We're talking seriously ugly.

And then, suddenly, it was a thing of beauty. For just a couple of minutes, mind you. For just long enough to let Franchise Sophomore Joe Smith give everyone a glimpse of why the pro scouts love him like a son, why he alone elevates the Terps from a nice team into a Top 10 monster.

With the Terps clinging to a small lead and the State crowd roaring for a comeback and the lane completely clogged with defenders, as it had been all night, Smith stepped outside, took a pass and nailed a 19-foot jumper.

The next time down the floor, he moved out along the right baseline with the ball, faked an inside move, spun to the outside, rose and nailed a 15-footer.

Two long, momentum-killing jumpers. At the end of a night in which he also collected 18 rebounds, two shy of his career high.

And then, when the Seminoles closed again to within five points on a back-from-the-dead rally in the last three minutes, Smith finally found an opening inside, backed in on State center Corey Louis, turned and flipped in a left-handed shot while being fouled.

Inside, outside: forget about the upset, Florida State.

"What can you say?" said Seminoles coach Pat Kennedy after the Terps' 70-57 victory, in which Smith led the Terps with 18 points despite taking only 10 shots in 36 minutes. "We did a real good job on him, I thought, but then he takes the ball outside and scores seven points in a row.
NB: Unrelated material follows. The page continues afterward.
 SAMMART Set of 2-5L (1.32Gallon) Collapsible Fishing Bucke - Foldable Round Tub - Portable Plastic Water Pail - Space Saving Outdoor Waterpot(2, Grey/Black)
Unbelievable."

You can be sure that each of the half-dozen NBA scouts sitting underneath one of the baskets -- no fewer than that are at every Terps game -- smiled at the sight of Smith hitting the jumpers. As if his game weren't already lottery-pick complete.

"Joe is a good shooter," Maryland coach Gary Williams said. "He talks about the fact that he'd like to see more plays called freeing him to shoot from out there. He takes a lot of pride in his outside shot. I'm happy to see him taking them from there at that point of the game. Especially when he makes them."

On the first jumper, the 19-footer, he had to move outside because the Terps wanted to get him the ball and he had no room inside. Such had been the case all night.

"They were running all sorts of defenses at me, a box-and-one, a sagging zone," Smith said later. "There was no way I'd be open. So I moved out and the shot was there."

Louis, a freshman center who blocked nine shots in an impressive performance, said, "I was shocked to see him out there. I'd watched him play a couple of times on TV, but I'd never seen him out quite that far. He's got a sweet shot, though."

The next time down the court, Louis stayed in step with Smith when Smith drifted out along the baseline. But Smith lost his game-long shadow with a left-right fake that freed him up to shoot.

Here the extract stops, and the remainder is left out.